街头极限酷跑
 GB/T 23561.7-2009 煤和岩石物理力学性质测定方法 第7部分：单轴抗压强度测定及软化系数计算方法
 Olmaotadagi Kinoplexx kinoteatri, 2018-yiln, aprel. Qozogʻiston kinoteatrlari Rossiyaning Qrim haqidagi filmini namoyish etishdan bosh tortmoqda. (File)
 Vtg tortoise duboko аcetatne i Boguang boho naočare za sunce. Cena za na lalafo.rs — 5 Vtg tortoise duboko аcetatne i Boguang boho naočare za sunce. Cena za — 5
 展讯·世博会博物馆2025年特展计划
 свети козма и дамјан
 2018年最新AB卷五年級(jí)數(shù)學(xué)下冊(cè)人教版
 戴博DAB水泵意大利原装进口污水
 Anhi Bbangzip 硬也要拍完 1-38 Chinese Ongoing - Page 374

*****

● TASK GOAL: Retype the records above in full. Every word should match.

● SOLUTION BELOW:
街头极限酷跑
 GB/T 23561.7-2009 煤和岩石物理力学性质测定方法 第7部分：单轴抗压强度测定及软化系数计算方法
 Olmaotadagi Kinoplexx kinoteatri, 2018-yiln, aprel. Qozogʻiston kinoteatrlari Rossiyaning Qrim haqidagi filmini namoyish etishdan bosh tortmoqda. (File)
 Vtg tortoise duboko аcetatne i Boguang boho naočare za sunce. Cena za na lalafo.rs — 5 Vtg tortoise duboko аcetatne i Boguang boho naočare za sunce. Cena za — 5
 展讯·世博会博物馆2025年特展计划
 свети козма и дамјан
 2018年最新AB卷五年級(jí)數(shù)學(xué)下冊(cè)人教版
 戴博DAB水泵意大利原装进口污水
 Anhi Bbangzip 硬也要拍完 1-38 Chinese Ongoing - Page 374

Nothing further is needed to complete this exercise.